_WORK REQUIRED_
Any picture in the range stays out of the copy; retype exactly the lines from the one with "Season and nature concept - Winter park in snow Season" to the end of the listing.

_RECORDED INFORMATION_
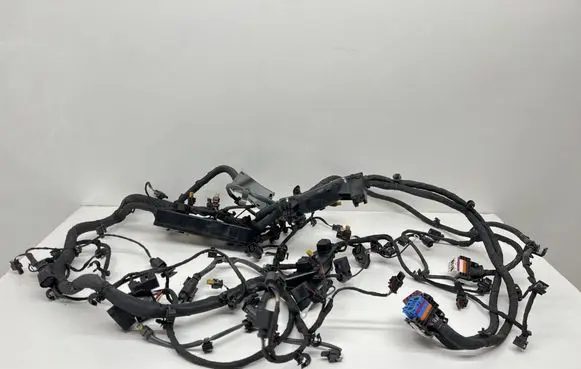 Porsche Panamera (971) Engine installation wiring loom 06M971595 06M971595BB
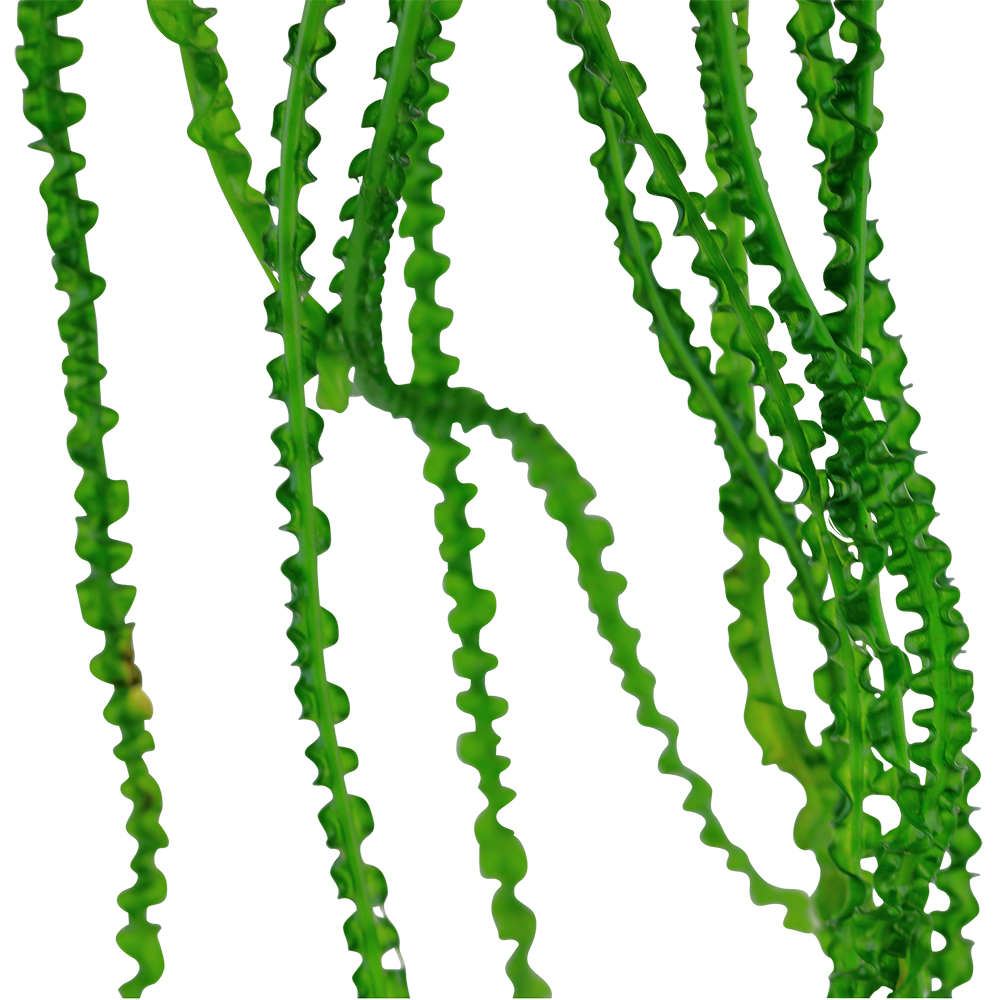 Crinum calamistratum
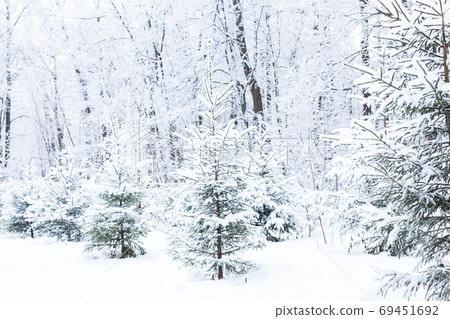 Season and nature concept - Winter park in snow Season and nature concept - Winter park in snow 69451692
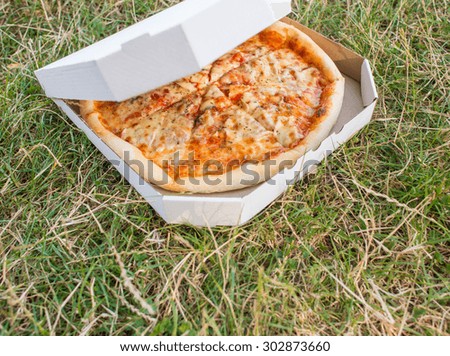 closeup pizza on grass
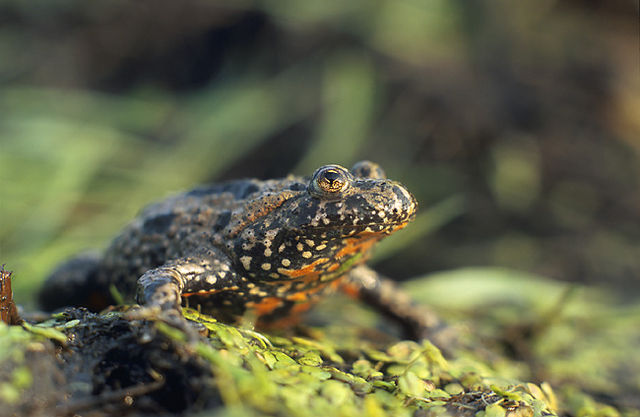 File:Bombina bombina 1 (Marek Szczepanek).jpg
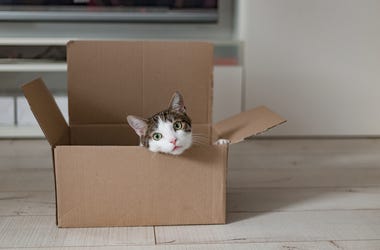 Cat In A Box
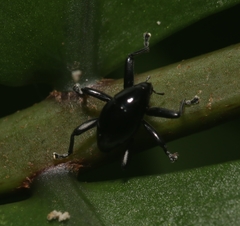 Trigonopterus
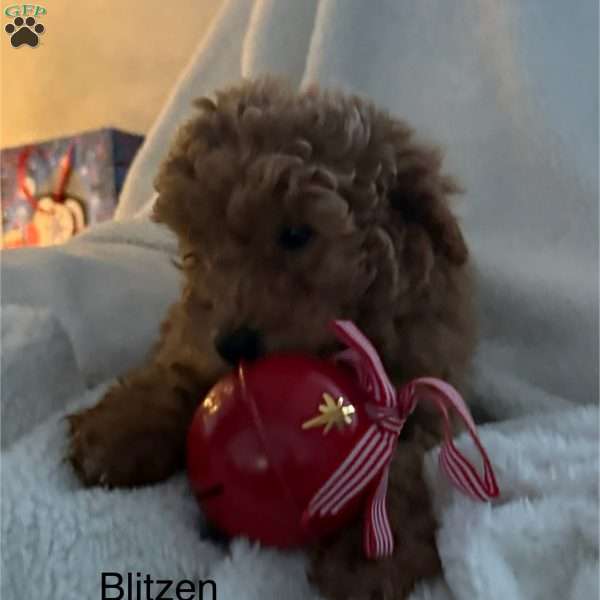 Blitzen, Mini Goldendoodle Puppy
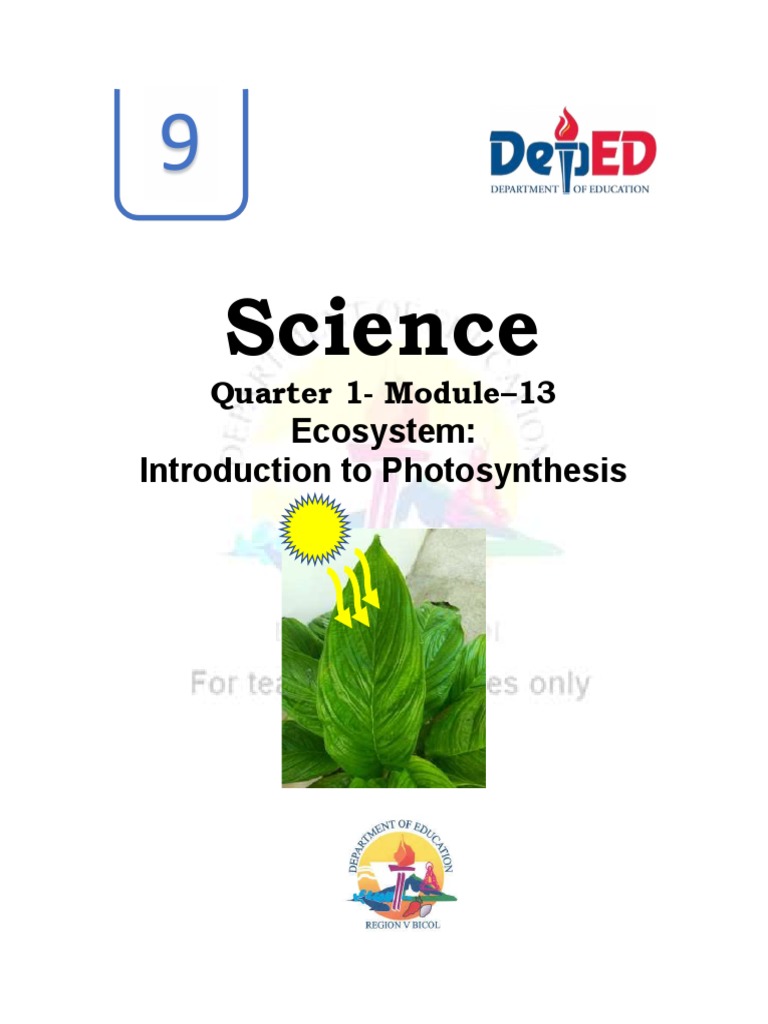 13 Quarter 1 Module 13-INTRODUCTION-TO-PHOTOSYNTHESIS | PDF | Photosynthesis  | Plants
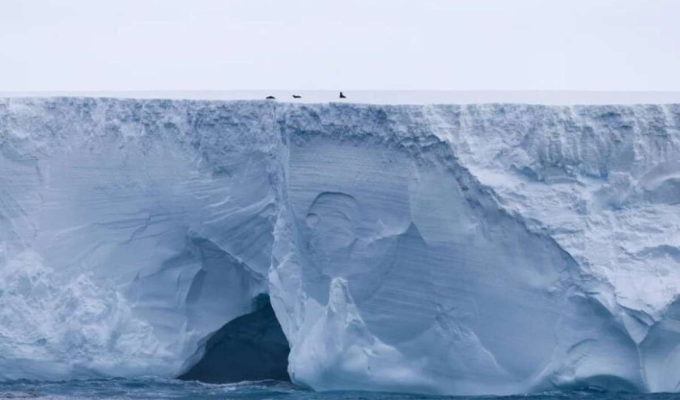 Gigantesco iceberg amenaza la vida marina en Georgia del Sur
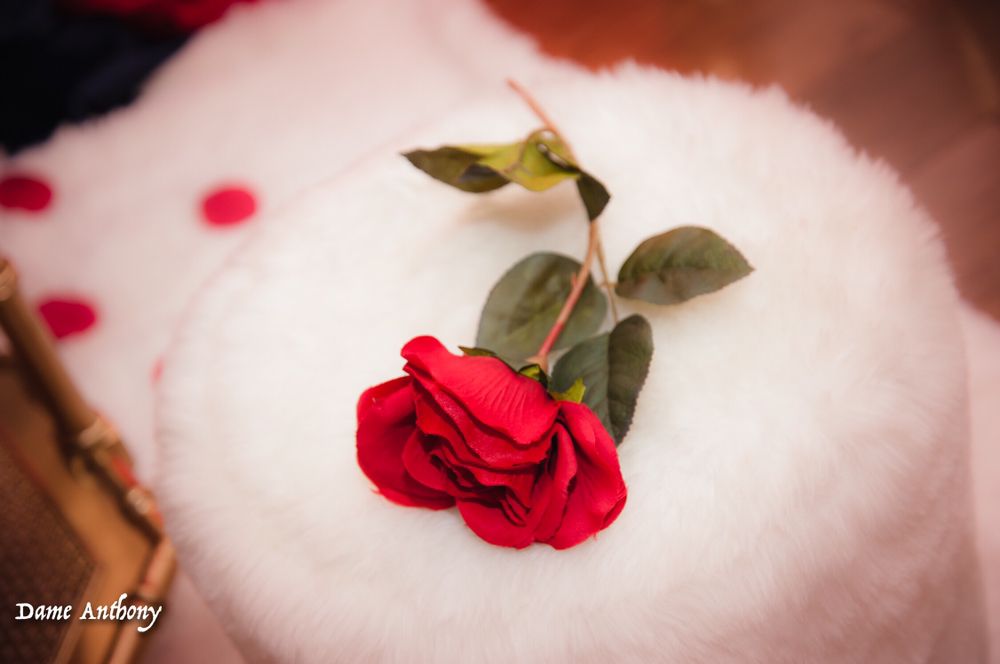 CT PARTY LOT Updated May 2024 90 Photos Meriden, Connecticut Photo Booth Rentals Phone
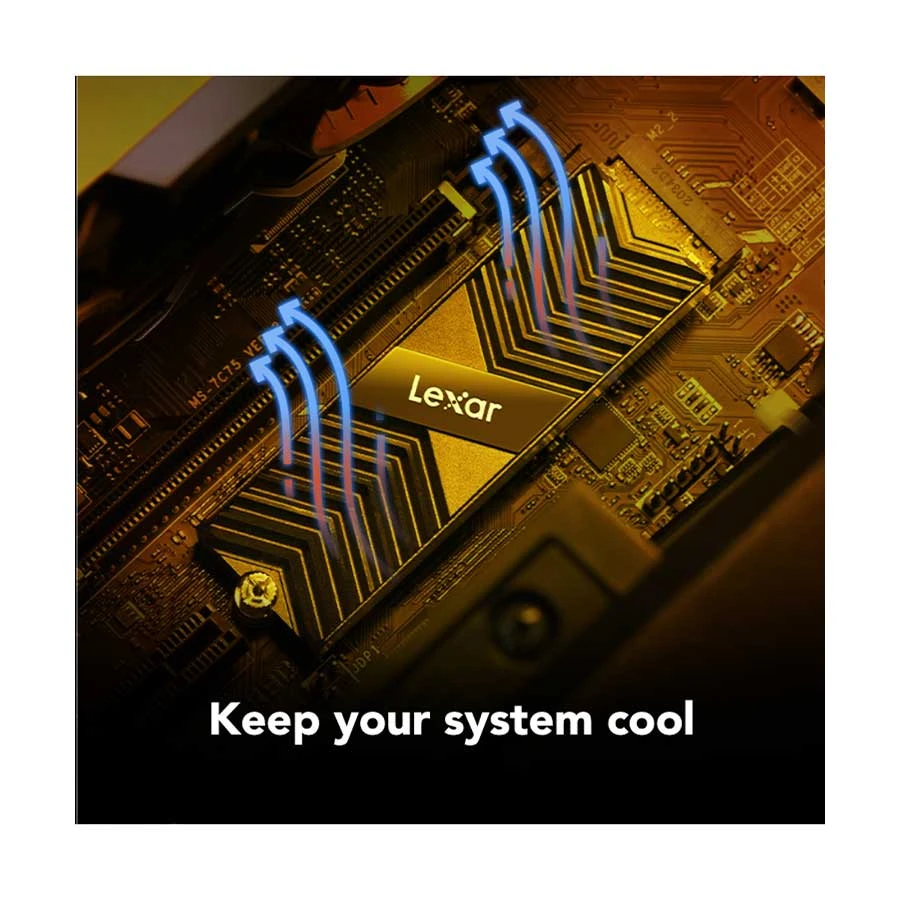 Lexar Professional NM800 Pro Internal SSD in BD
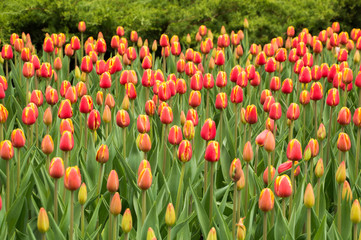 Lots of colorful tulip flowers natural spring background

_REPLY TO THE EXERCISE_
 Season and nature concept - Winter park in snow Season and nature concept - Winter park in snow 69451692
 closeup pizza on grass
 File:Bombina bombina 1 (Marek Szczepanek).jpg
 Cat In A Box
 Trigonopterus
 Blitzen, Mini Goldendoodle Puppy
 13 Quarter 1 Module 13-INTRODUCTION-TO-PHOTOSYNTHESIS | PDF | Photosynthesis  | Plants
 Gigantesco iceberg amenaza la vida marina en Georgia del Sur
 CT PARTY LOT Updated May 2024 90 Photos Meriden, Connecticut Photo Booth Rentals Phone
 Lexar Professional NM800 Pro Internal SSD in BD
 Lots of colorful tulip flowers natural spring background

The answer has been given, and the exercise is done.